At first glance one might assume that it is AT&T’s love affair with the iPhone that has kept Android phones at bay. This is entirely possible. There have been arguments that AT&T has intentionally offered crippled devices in order to keep sales of the iPhone going strong. At first this seemed plausible. First there was the promise of five Android phones by the first half of 2010. It failed to keep that promise. The Motorola Backflip was launched first, to muted fanfare. Nobody really liked the “unique form factor.”

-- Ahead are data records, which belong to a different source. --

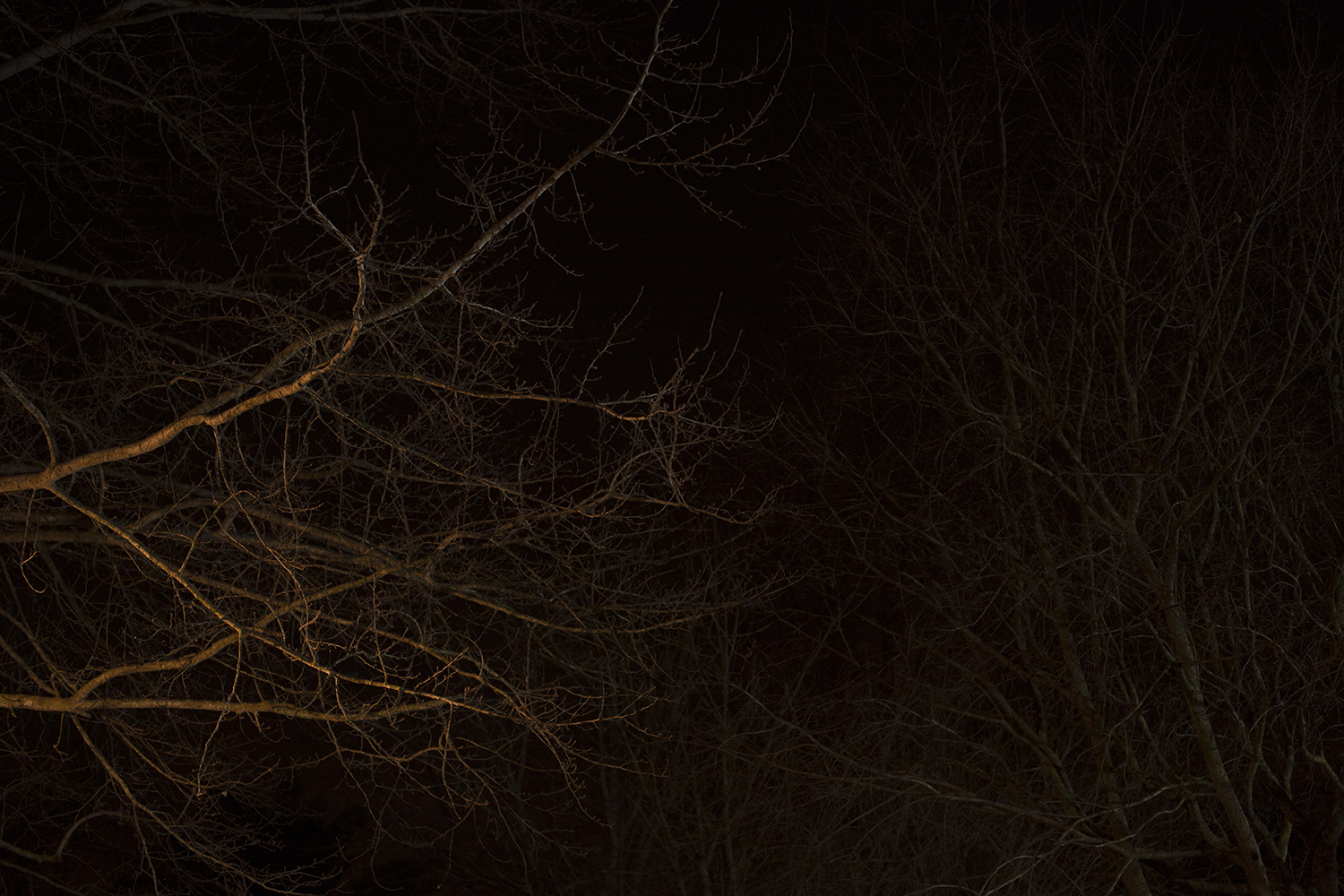 carina martins, we wander in circles through the night
and are consumed by fire - tree branches at night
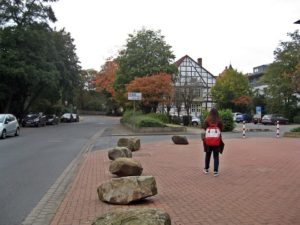 21905709_387592918324471_10432168_n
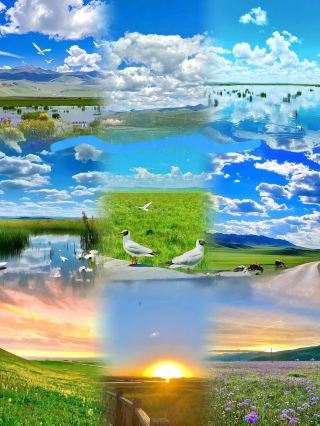 Zoigê｜Sichuan Has Its Own "Altay" Just 2 Hours by High-Speed Rail!
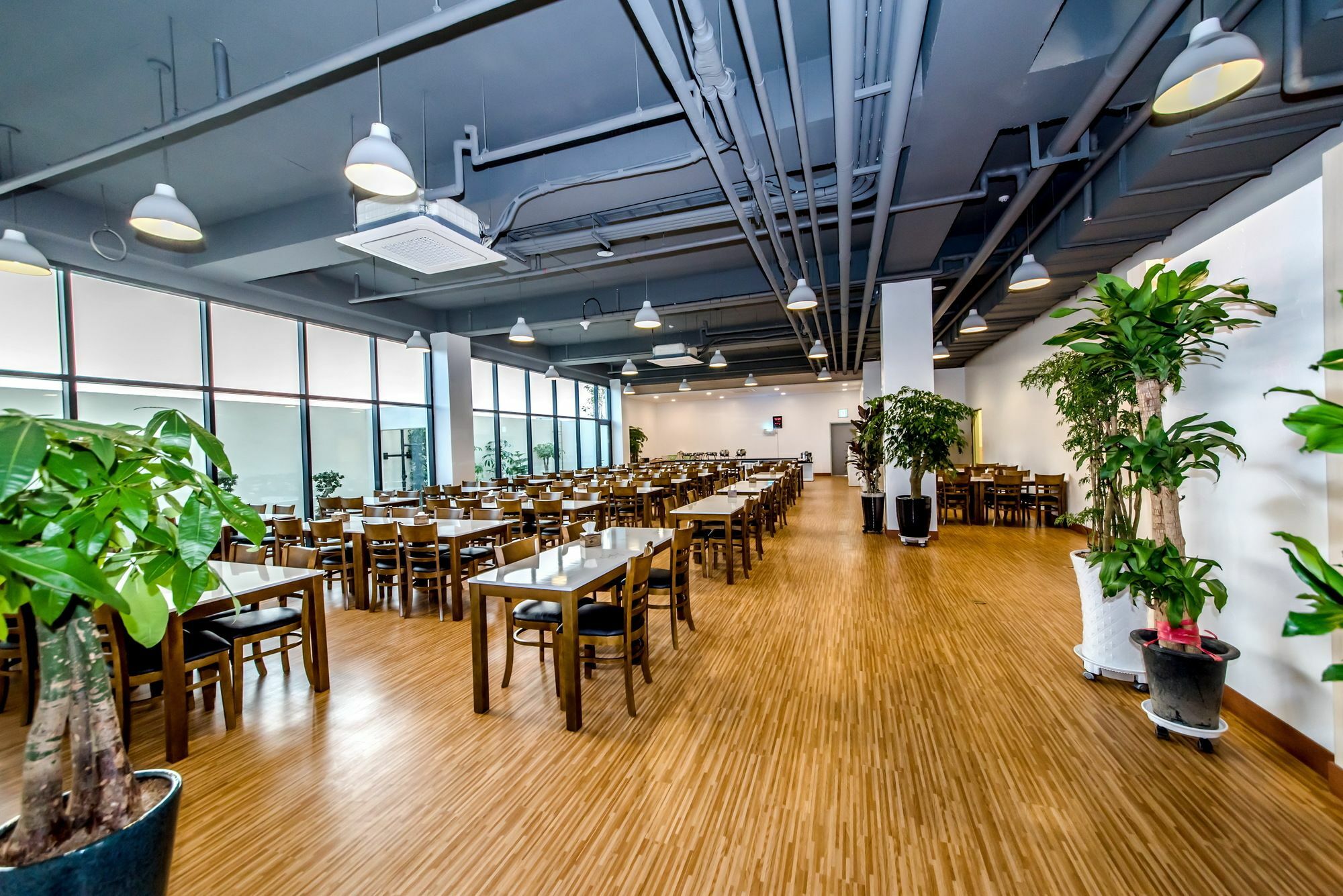 Jeju In Hotel Extérieur photo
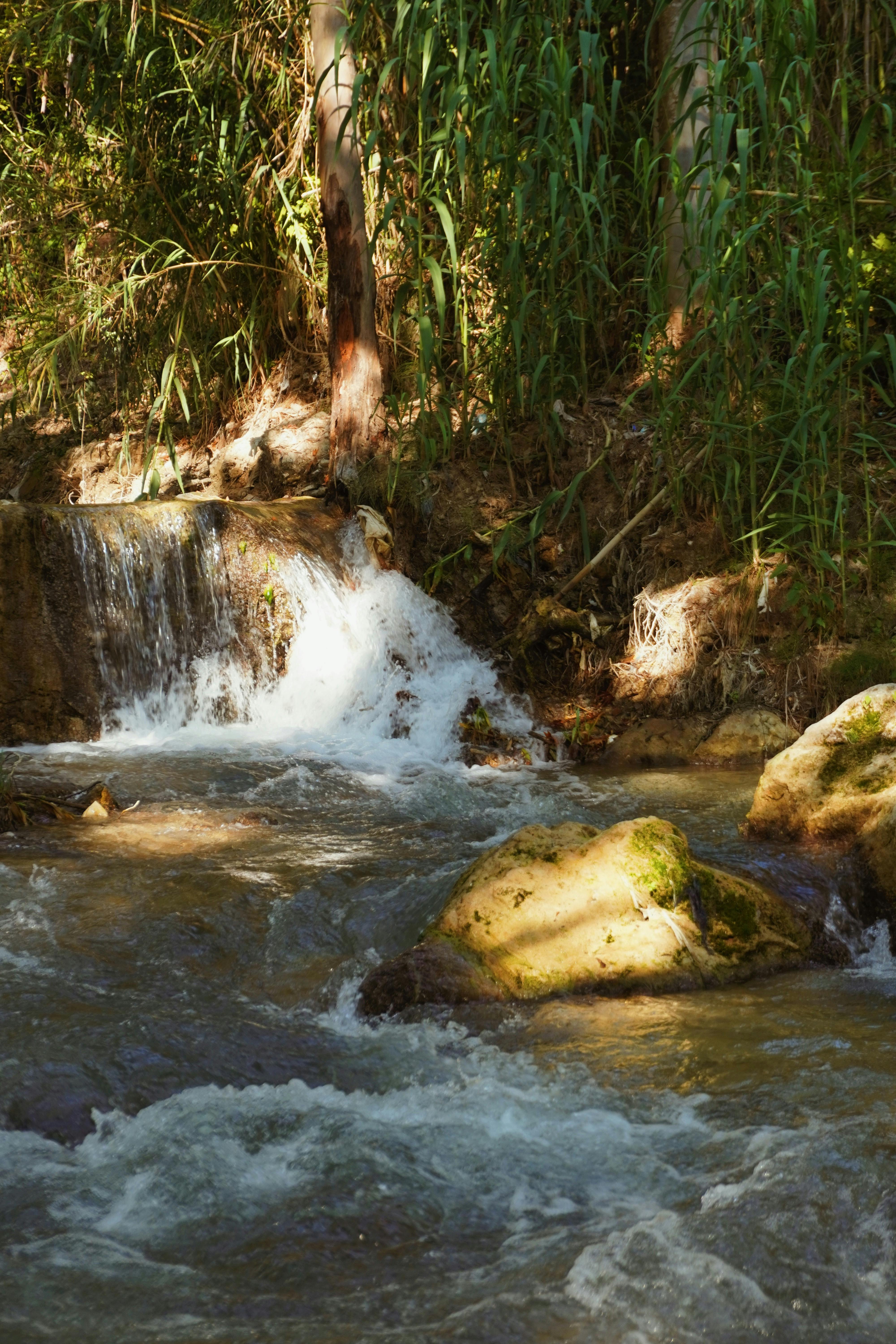 a stream flowing through the woods with rocks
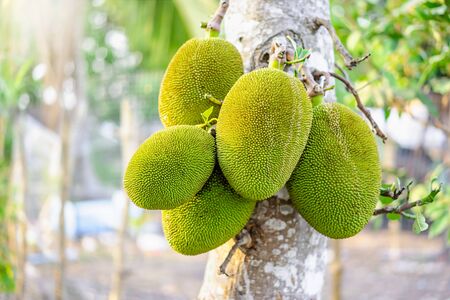 Close up of unripe jackfruits or Artocarpus heterophyllus popular fruit in Thailand hanging from the branch on the tree in the gardenの写真素材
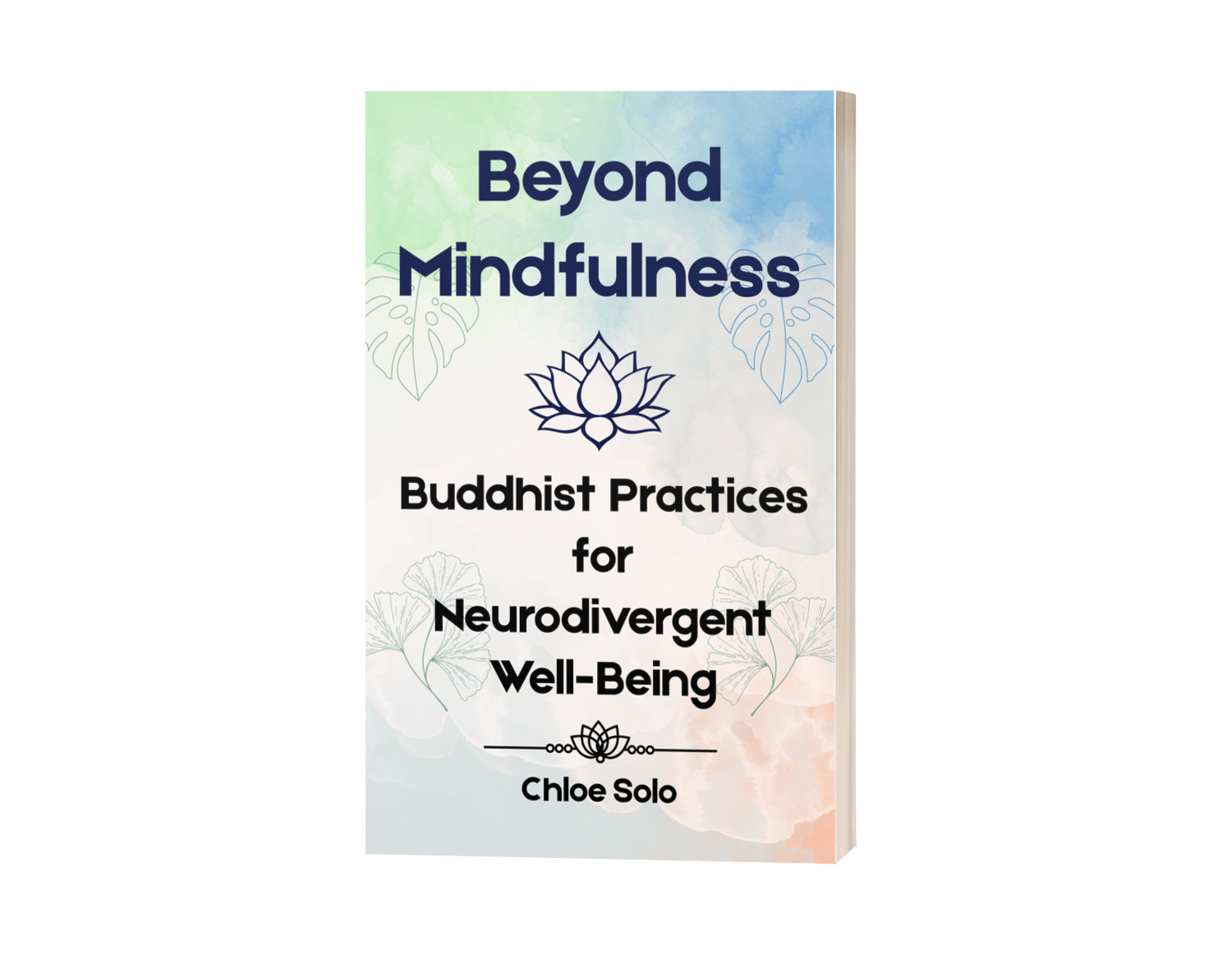 Beyond Mindfulness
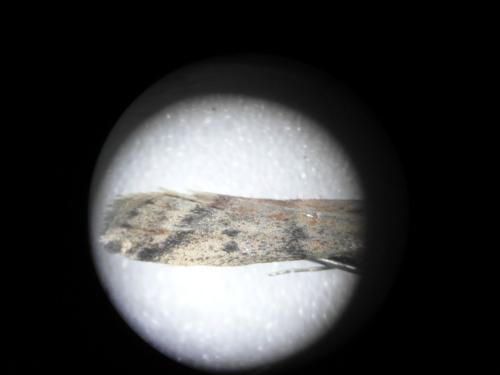Ephestia sp.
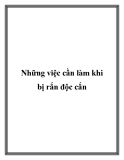 Những việc cần làm khi bị rắn độc cắn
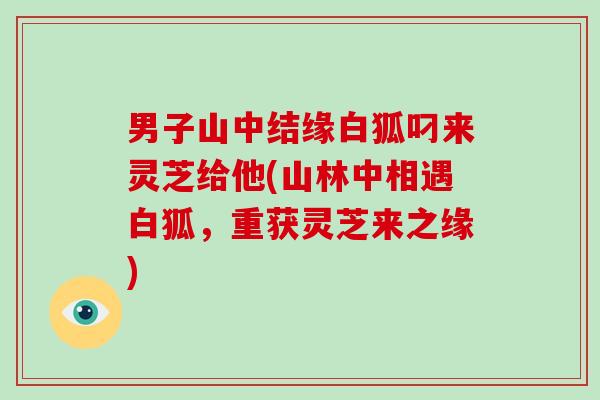男子山中结缘白狐叼来灵芝给他(山林中相遇白狐，重获灵芝来之缘)
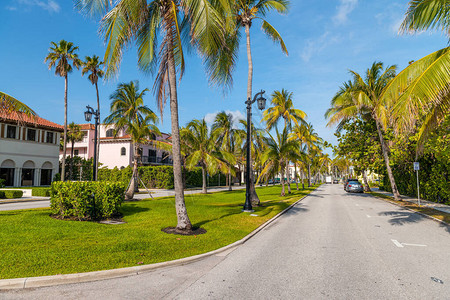佛罗里达棕榈海滩岛的皇家棕榈之路在美丽的阳光明媚的春图片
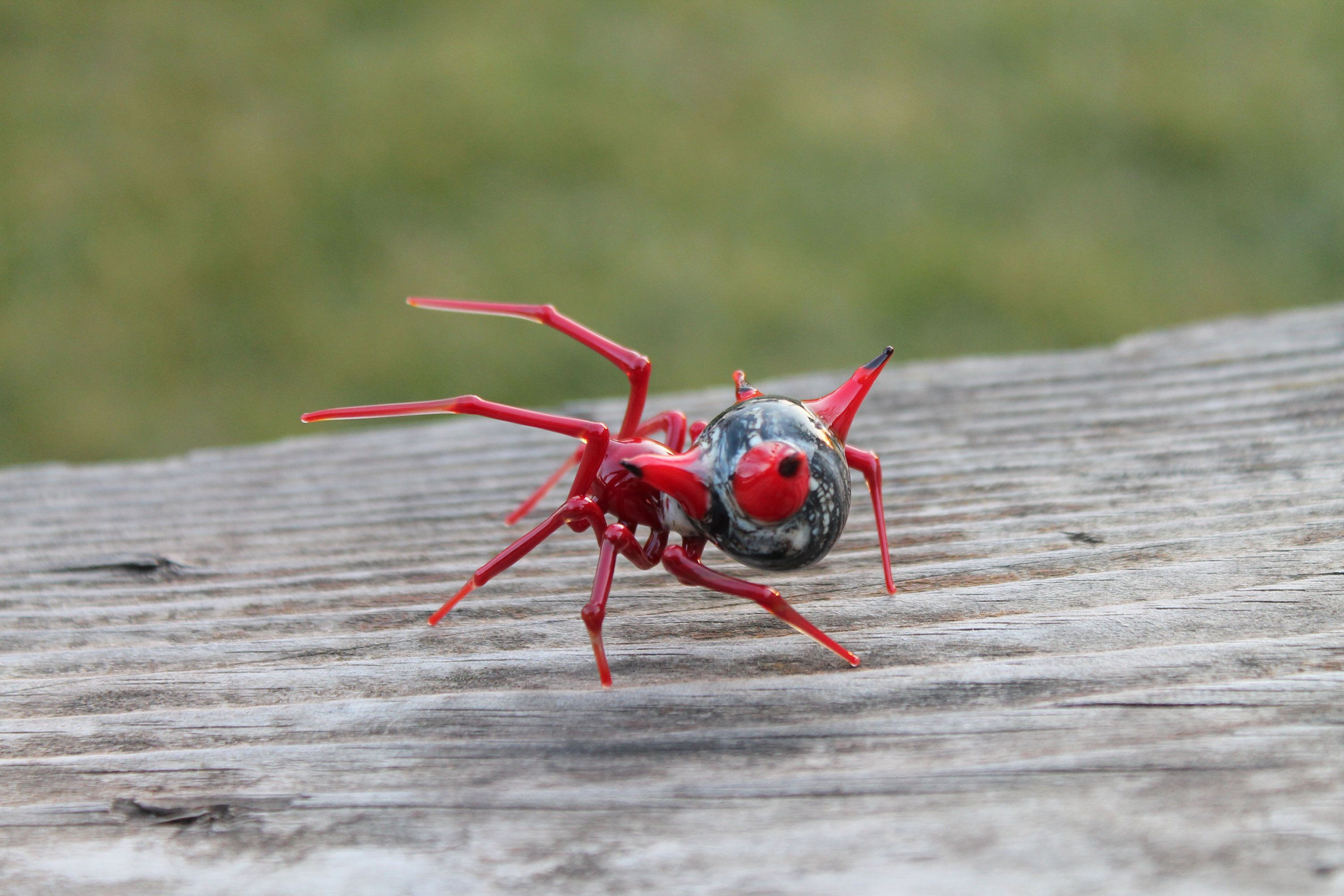 Wallpaper #H_SpOZMBKFX8bn3rSXeg317 Glass Spider Horned Spider Spiny Orb Weaver Glass Spider Etsy Glass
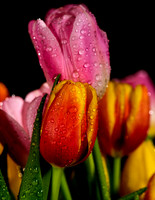 Macro-6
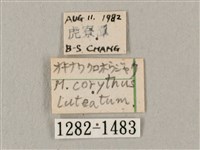平帶長喙天蛾藏品圖，第3張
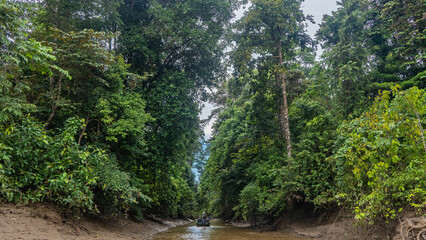 Tourist boats sail along the channel of a tropical river. Impenetrable thickets of rainforest trees...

Next came the Aria, which came as a surprise to a number of AT&T’s employees. The Aria is a great little phone with a major problem – it shatters with little effort. Next announced was the Dell Aero, but it went MIA for a while. The Samsung Captivate was the first sign that AT&T was starting to respect Android. The Xperia X10 further supported this notion. Dell launched the Streak and Aero on its own site, though both phones are only usable on AT&T in the US. This brings us to the Flipout.

The Flipout does what it says. It goes from a square shape to a more rectangular shape when you flip it out. If the Backflip failed to excite fans, I don’t expect much from this phone. This now makes one wonder who’s fault these lackluster Motorola phones are. Is it AT&T’s short-sightedness striking again? Is Motorola intentionally giving the B squad phones to AT&T? We’ve seen the Droid. We know what Motorola can do. The Backflip and Flipout are poor examples of a Motorola phone.

Whatever the reason, AT&T fans are still waiting for a decent Motorola phone. In the mean time they have the Captivate, Xperia X10, and Blackberry Torch to occupy their time. I’m inclined to believe that AT&T is mostly responsible for the missing Droids, but it is purely speculation at this point. I’ve stopped giving AT&T the benefit of the doubt.